━━━ RECORDS FOR THIS EXERCISE

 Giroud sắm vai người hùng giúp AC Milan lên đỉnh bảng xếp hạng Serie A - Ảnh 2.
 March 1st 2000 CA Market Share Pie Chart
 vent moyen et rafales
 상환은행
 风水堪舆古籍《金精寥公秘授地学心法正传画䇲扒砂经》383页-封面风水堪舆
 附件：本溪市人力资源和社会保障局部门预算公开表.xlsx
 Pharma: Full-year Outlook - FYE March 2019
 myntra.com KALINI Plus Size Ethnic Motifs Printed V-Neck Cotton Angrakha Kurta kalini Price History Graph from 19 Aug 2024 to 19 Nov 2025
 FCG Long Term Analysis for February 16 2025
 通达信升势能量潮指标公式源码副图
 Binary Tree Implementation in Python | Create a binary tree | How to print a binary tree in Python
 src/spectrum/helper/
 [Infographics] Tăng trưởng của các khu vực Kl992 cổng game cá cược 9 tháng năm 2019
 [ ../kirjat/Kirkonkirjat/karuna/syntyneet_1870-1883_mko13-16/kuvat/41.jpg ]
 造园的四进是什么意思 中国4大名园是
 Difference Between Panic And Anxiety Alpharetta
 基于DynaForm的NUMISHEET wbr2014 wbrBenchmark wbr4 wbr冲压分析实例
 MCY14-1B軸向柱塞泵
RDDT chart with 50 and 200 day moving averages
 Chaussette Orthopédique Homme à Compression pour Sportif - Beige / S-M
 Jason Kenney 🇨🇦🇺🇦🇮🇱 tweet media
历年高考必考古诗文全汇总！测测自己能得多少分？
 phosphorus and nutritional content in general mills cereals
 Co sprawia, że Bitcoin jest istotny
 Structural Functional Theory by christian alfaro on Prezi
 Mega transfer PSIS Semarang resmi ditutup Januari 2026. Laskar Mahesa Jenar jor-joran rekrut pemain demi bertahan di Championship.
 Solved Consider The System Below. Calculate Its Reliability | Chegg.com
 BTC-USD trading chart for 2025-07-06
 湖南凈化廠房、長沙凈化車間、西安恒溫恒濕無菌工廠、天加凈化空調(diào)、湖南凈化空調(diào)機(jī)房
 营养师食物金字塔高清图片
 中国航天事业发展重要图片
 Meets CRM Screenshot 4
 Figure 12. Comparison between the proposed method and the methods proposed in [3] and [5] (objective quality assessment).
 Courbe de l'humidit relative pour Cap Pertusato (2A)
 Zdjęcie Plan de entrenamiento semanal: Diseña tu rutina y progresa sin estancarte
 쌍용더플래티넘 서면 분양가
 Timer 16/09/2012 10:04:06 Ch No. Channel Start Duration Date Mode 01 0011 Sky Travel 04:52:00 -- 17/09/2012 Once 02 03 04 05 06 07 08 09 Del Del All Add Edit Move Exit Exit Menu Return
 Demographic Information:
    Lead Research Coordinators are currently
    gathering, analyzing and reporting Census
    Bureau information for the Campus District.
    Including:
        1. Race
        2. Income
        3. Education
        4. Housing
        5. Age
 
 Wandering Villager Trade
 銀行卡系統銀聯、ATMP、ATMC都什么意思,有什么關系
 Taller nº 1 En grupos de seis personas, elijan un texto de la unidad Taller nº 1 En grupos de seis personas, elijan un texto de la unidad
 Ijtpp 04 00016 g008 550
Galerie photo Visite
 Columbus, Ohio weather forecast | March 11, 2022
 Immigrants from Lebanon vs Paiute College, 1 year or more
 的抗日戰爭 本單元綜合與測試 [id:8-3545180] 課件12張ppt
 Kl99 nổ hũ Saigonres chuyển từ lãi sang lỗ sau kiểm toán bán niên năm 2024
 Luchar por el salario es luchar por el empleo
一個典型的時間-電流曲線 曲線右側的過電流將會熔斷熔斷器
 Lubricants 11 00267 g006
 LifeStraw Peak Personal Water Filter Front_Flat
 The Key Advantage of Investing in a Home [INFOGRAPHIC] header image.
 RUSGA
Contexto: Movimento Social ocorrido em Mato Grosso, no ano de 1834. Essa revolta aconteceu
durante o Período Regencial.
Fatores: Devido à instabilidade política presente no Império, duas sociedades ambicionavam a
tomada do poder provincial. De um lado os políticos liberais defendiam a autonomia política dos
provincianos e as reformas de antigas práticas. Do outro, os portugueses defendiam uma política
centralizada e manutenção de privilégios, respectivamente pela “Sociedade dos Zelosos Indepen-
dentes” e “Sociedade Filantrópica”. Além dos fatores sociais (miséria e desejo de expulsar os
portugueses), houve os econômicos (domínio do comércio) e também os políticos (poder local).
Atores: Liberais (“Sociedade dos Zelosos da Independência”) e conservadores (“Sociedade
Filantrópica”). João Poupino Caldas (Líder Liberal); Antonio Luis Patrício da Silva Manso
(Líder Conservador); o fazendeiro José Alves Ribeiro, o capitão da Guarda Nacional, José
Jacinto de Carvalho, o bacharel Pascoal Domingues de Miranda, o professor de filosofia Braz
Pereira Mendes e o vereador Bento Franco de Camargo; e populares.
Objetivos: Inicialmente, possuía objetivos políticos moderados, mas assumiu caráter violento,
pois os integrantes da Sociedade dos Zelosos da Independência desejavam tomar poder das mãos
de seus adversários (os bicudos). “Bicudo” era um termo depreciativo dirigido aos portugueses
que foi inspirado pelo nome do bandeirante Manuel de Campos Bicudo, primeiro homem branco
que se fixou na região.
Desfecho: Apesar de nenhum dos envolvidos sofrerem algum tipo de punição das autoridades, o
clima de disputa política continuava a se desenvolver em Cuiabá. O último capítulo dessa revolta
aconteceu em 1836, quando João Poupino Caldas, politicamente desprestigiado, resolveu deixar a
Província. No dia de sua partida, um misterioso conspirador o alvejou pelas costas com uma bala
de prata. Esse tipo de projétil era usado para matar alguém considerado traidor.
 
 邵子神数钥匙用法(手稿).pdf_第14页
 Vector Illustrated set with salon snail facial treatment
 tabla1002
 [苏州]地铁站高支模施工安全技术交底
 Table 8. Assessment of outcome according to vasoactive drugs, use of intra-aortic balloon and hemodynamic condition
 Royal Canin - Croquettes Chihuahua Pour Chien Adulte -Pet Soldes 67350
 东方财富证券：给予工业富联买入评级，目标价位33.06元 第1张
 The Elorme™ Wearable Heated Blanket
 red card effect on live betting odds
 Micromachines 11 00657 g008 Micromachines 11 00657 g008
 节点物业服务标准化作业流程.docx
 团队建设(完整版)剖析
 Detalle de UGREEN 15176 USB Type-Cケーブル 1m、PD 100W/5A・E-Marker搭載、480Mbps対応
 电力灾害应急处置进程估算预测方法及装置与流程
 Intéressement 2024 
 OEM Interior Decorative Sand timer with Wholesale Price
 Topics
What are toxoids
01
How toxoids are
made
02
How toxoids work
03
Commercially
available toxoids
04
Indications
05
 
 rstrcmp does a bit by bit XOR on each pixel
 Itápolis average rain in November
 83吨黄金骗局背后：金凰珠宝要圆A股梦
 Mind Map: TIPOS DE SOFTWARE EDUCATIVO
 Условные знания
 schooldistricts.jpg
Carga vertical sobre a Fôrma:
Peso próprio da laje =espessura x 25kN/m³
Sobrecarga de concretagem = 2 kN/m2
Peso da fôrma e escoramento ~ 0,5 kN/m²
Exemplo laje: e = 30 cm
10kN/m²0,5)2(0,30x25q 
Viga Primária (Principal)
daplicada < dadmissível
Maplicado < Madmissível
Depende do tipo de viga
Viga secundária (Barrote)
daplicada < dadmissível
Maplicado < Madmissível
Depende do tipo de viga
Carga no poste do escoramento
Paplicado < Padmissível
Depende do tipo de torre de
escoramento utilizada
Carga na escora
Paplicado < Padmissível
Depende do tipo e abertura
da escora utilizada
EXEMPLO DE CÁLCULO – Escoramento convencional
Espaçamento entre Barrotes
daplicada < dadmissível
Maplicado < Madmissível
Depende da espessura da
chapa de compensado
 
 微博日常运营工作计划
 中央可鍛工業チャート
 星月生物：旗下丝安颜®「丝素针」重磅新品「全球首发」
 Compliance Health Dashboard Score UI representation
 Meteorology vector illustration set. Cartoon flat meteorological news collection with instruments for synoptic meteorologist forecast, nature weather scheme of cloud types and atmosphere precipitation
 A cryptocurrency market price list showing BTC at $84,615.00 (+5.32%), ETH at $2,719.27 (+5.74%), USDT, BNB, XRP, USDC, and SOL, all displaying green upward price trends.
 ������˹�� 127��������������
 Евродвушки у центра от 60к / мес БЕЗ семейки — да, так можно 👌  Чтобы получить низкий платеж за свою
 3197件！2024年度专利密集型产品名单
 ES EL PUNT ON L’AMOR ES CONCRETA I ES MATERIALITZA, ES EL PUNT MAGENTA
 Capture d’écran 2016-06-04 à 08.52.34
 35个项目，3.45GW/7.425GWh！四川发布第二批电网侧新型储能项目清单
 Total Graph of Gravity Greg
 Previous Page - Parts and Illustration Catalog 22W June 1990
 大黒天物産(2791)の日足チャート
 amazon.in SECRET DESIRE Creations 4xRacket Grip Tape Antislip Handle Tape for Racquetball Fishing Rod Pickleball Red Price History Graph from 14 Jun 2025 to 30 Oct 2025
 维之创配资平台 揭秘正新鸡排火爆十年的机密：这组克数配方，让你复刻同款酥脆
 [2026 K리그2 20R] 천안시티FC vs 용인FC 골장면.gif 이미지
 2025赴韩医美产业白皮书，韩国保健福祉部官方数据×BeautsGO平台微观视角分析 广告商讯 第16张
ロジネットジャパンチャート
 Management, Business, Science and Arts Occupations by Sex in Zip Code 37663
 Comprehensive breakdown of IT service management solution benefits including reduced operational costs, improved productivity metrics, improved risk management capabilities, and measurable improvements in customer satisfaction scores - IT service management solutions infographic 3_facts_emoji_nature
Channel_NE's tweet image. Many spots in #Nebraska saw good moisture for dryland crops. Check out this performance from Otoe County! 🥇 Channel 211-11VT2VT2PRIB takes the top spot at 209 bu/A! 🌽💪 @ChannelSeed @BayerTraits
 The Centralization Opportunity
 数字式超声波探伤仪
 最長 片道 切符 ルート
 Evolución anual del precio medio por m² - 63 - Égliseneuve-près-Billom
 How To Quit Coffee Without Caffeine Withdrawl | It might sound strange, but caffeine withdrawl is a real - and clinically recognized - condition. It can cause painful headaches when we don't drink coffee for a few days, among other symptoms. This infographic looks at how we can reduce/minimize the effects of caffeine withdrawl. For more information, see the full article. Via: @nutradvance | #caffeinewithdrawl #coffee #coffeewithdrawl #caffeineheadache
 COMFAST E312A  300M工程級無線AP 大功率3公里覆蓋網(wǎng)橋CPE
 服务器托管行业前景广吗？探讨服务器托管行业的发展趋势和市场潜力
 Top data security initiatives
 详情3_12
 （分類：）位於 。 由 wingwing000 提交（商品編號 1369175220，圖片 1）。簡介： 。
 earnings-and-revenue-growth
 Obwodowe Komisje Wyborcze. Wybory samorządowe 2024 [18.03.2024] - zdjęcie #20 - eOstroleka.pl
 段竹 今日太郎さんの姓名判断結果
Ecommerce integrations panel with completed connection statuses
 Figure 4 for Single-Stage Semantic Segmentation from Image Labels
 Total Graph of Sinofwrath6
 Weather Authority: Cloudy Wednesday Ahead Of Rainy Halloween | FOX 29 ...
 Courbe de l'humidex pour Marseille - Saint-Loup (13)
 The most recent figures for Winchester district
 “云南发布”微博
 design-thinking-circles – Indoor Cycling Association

━━━━━━

§ **AIM OF THE EXERCISE**
From the data above, output exactly the lines between the one containing "Meets CRM Screenshot 4" and the one containing "Lead Research Coordinators are currently", counting both of them.

§ **REPLY**
 Meets CRM Screenshot 4
 Figure 12. Comparison between the proposed method and the methods proposed in [3] and [5] (objective quality assessment).
 Courbe de l'humidit relative pour Cap Pertusato (2A)
 Zdjęcie Plan de entrenamiento semanal: Diseña tu rutina y progresa sin estancarte
 쌍용더플래티넘 서면 분양가
 Timer 16/09/2012 10:04:06 Ch No. Channel Start Duration Date Mode 01 0011 Sky Travel 04:52:00 -- 17/09/2012 Once 02 03 04 05 06 07 08 09 Del Del All Add Edit Move Exit Exit Menu Return
 Demographic Information:
    Lead Research Coordinators are currently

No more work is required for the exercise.